Paseando por el Prado, intentando huir de los gritos y las conversaciones de bar, llegamos a salas más vacías y allí me encuentro
Un chiquillo sentado, de Víctor Manzano. Me quedo un rato mirando su rostro. No sé si ese niño sabía leer, si es solo pose, si es un modelo o es imaginario, pero lo que el pintor ha clavado es la expresión de: «¿qué quieres? ¿no ves que estoy leyendo?». Me reconozco en esa mirada de hastío e impaciencia que quiere decir «termina ya que quiero seguir».
Al día siguiente fui al Thyssen, a la exposición de Lucien Freud. Mismas conversaciones en el mismo tono con el que se habla en una terraza con vistas a la Gran Vía. Me desespero. Fantaseo con el propio Freud paseando por la sala, como un gigante, exigiendo silencio reverencial jalonado solo de murmullos. No sé cuánto medía el bueno de Lucien pero es inevitable imaginártelo alto, muy alto. Puede ser que esta idea venga del punto de vista que usa en la mayoría de sus retratos, que es un punto de vista muy alto. En una de las paredes de la sala hay una cita que dice: «Habitación libre fue la última pintura en la que estaba sentado. Cuando me puse de pie, ya no volví a sentarme nunca más». En realidad en esa pintura él ya mira desde arriba, tanto como pintor como como personaje de la propia obra. En mi opinión de lega, creo que Freud estaba cómodo mirando desde arriba a todo el mundo. Sus retratos son siempre desde arriba, desde muy arriba aplastando a sus retratados tanto si eran amantes, amigos, hijos, magnates, poderosos de cualquier campo, oteando desde su atalaya de poder. Me gusta más Freud que Goya (perdón) pero los dos me caen fatal y me alegro de no haber coincidido con ellos en el espacio y el tiempo. Saliendo de la exposición me acuerdo de Murillo, y pienso que el británico va más a un “cómo molo: soy Freud, dime cómo quieres que te pinte y ya veré si me apetece hacerlo, si te concedo el honor”.
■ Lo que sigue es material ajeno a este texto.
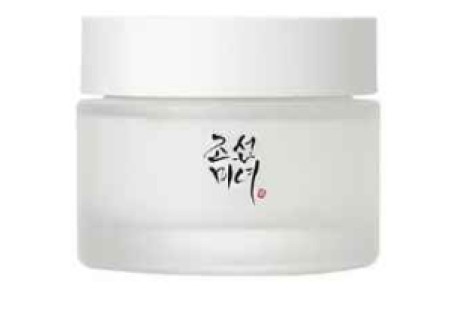 Beauty of Joseon Dynasty Cream 50 ML
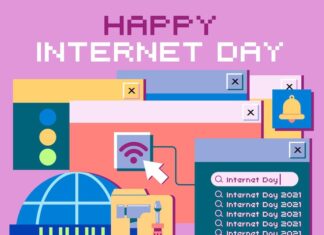 Код 49: Страна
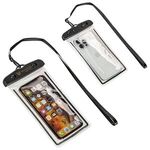 Alternate product view #2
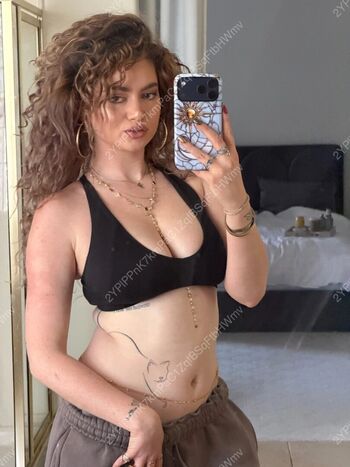 Full leaked Officialdytto private onlyfans photo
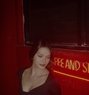Tasha - Transsexual escort in Manila Photo 9 of 10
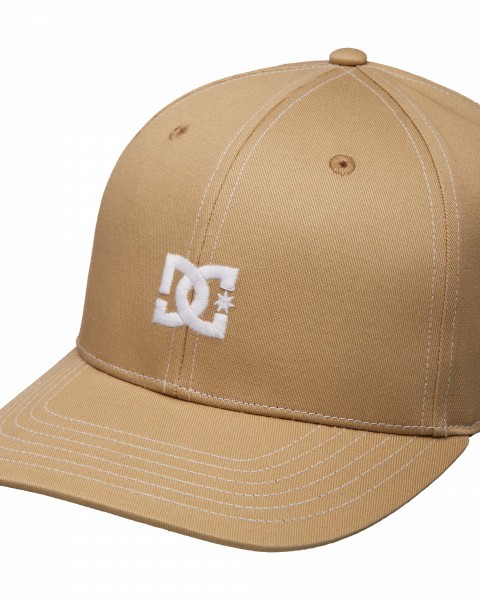 ��������� DC Cap Star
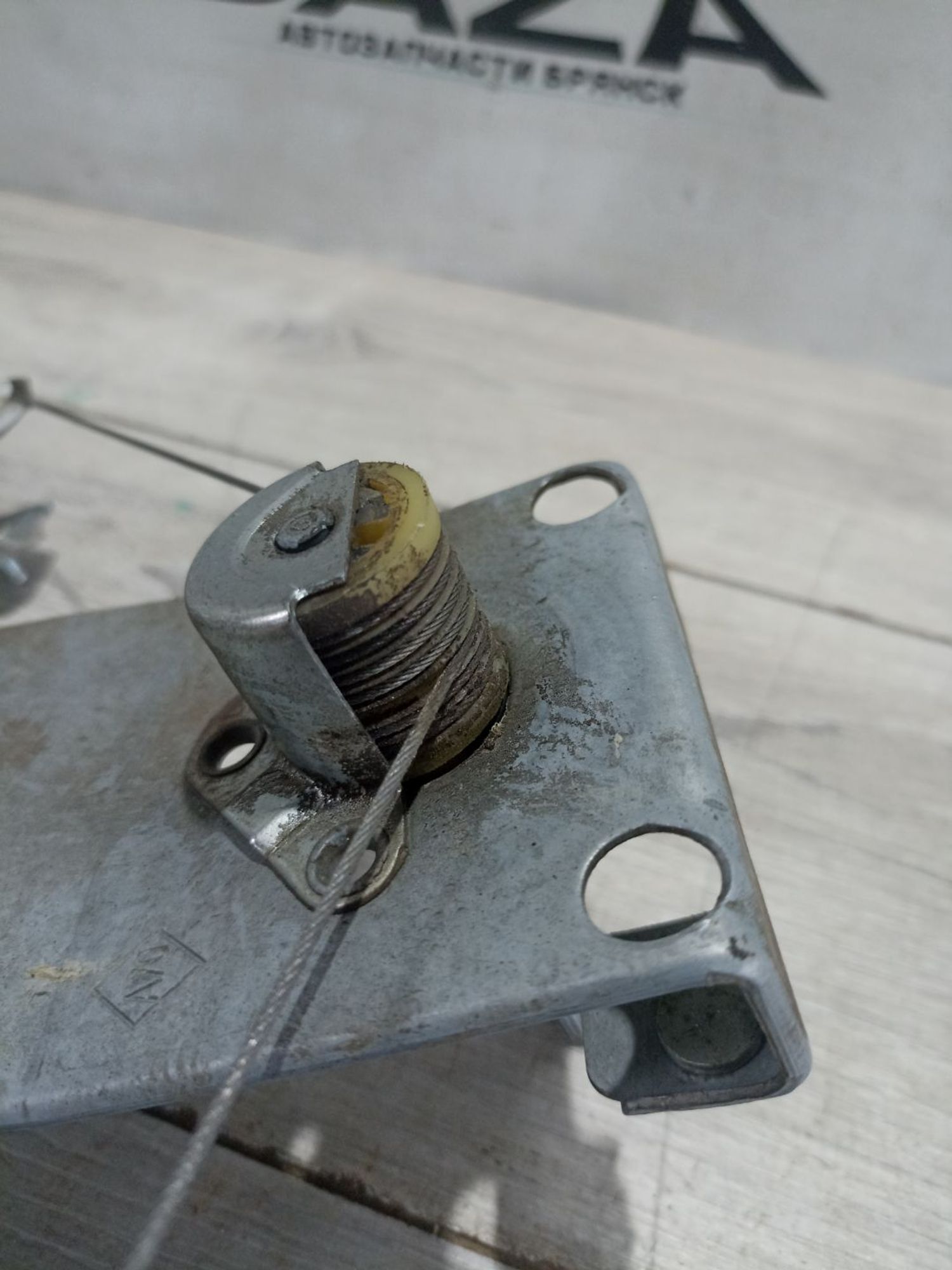 https://ycs.partsauto.market/partsauto-images/thmbs/userImages/0d5a73f363ec19ea8b7d8d6483ce4211/part/3afbdb46-597f-47b7-b856-984aa581ffb8_1784034350467.jpg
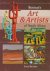 Art  Artists of South Africa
Vuelvo a casa caminando. En la puerta de una pastelería hay gente haciendo cola para comprar pan. En la puerta un perro pequeño, blanco, feísimo, con la misma cara de antipático que Freud pero al que yo miro desde arriba, llama mi atención. ¿Qué es eso que lleva en el cuello? ¡Un collar de perlas falsas! Busco a Paris Hilton pero no, el perro se sube al bolso pijo de un venerable señor con una barra de pan bajo el brazo. Quizás esta es la pinta que tiene alguien que compra un libro de recetas para perros.